The material below holds pictures; leave them out, and copy exactly, and only, the lines from the one with "Президент открыл общественно-культурный" through the last.

#### Data provided ####

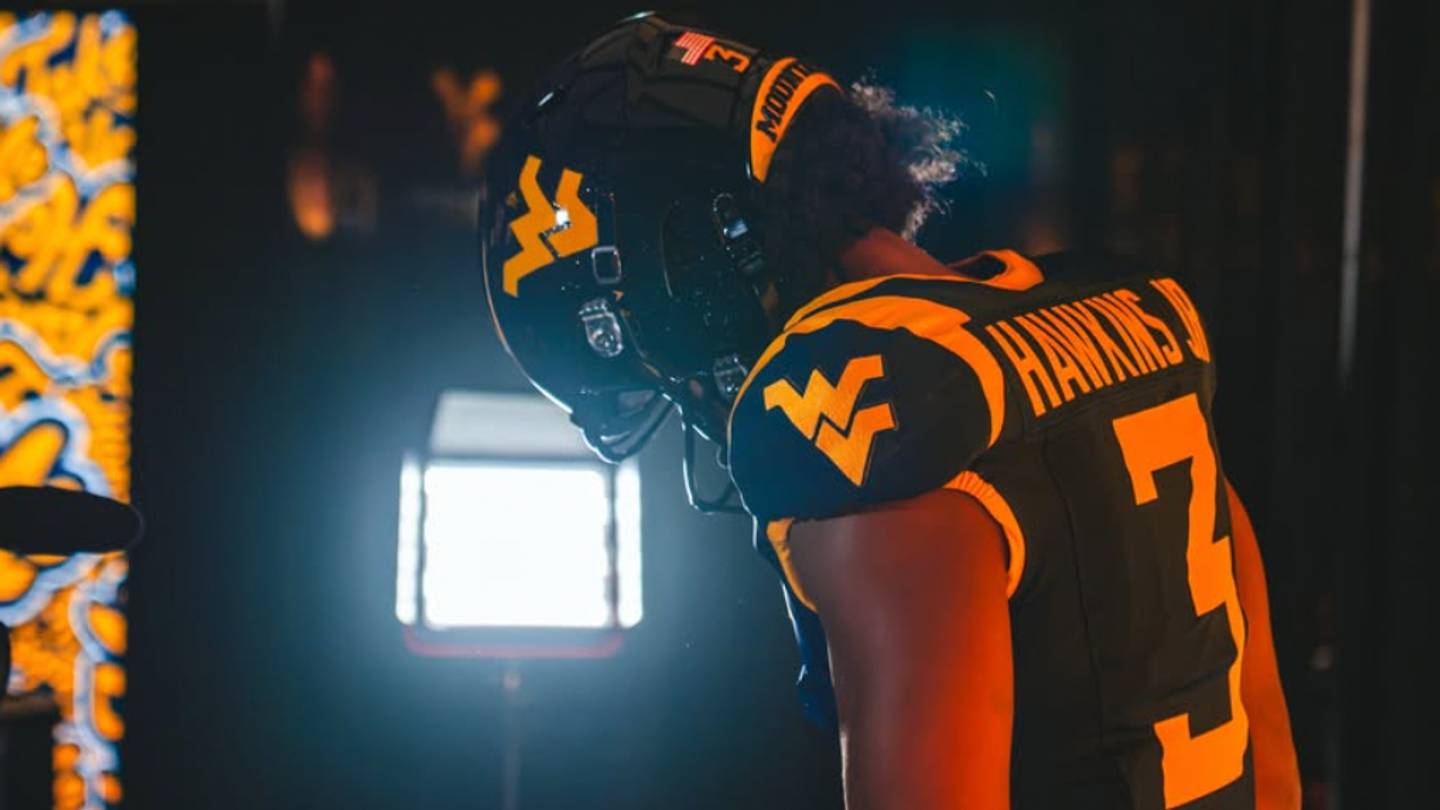 It's Official: Mike Hawkins Jr. to Start at QB for WVU Against Coastal Carolina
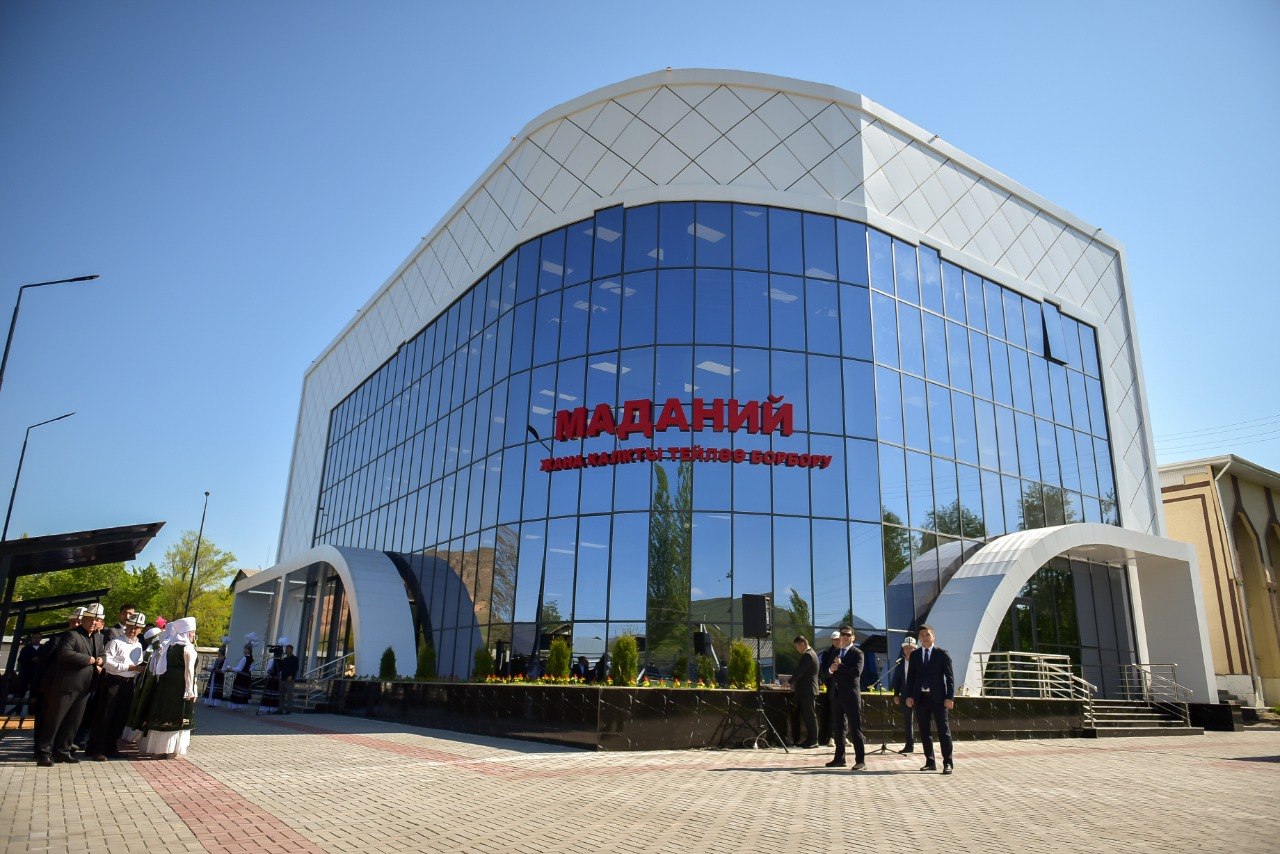 Президент открыл общественно-культурный центр с госуслугами в Кара-Кульдже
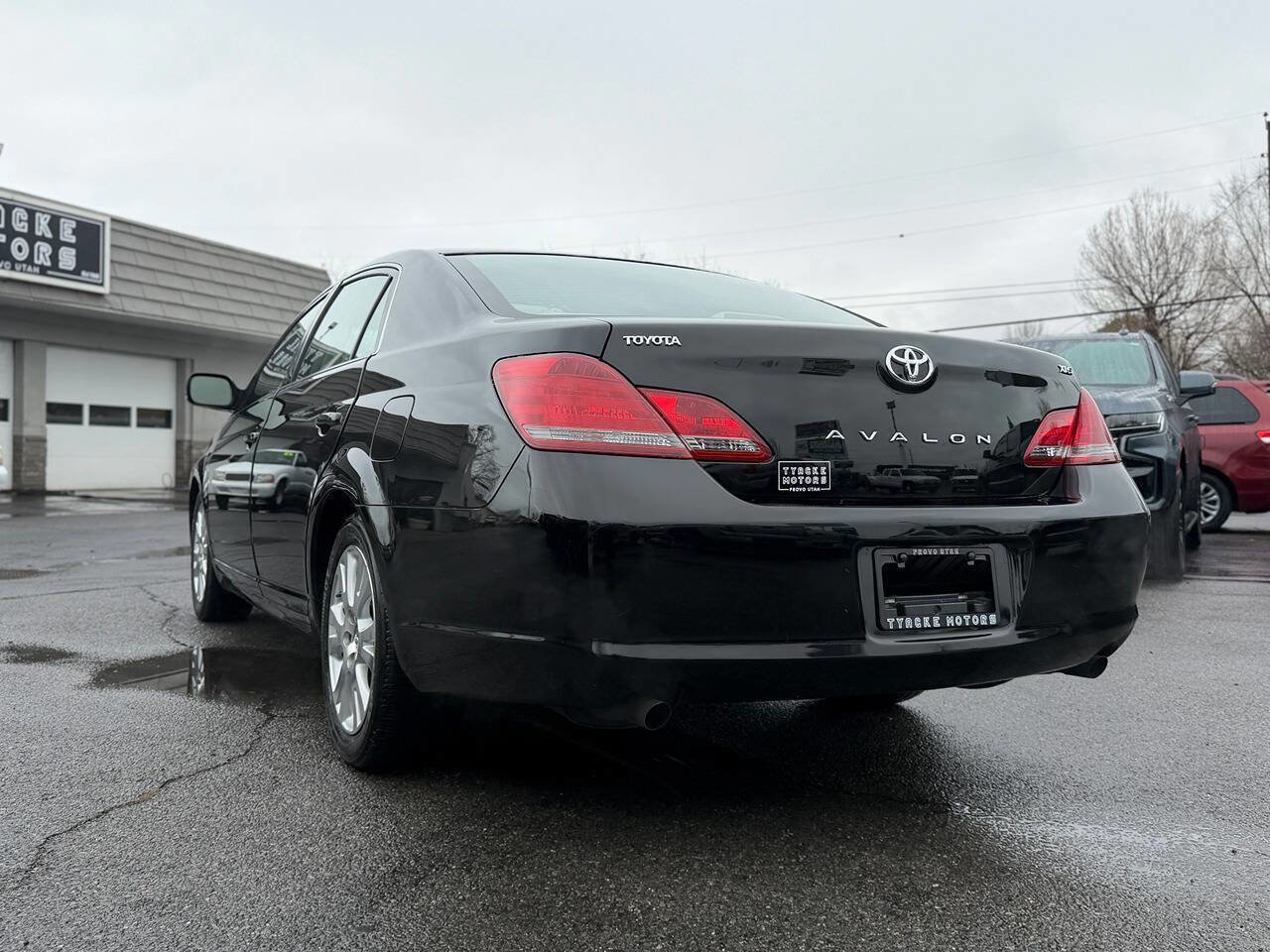 Used 2008 Toyota Avalon XLS image 24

####

__Exercise response__.
 Президент открыл общественно-культурный центр с госуслугами в Кара-Кульдже
 Used 2008 Toyota Avalon XLS image 24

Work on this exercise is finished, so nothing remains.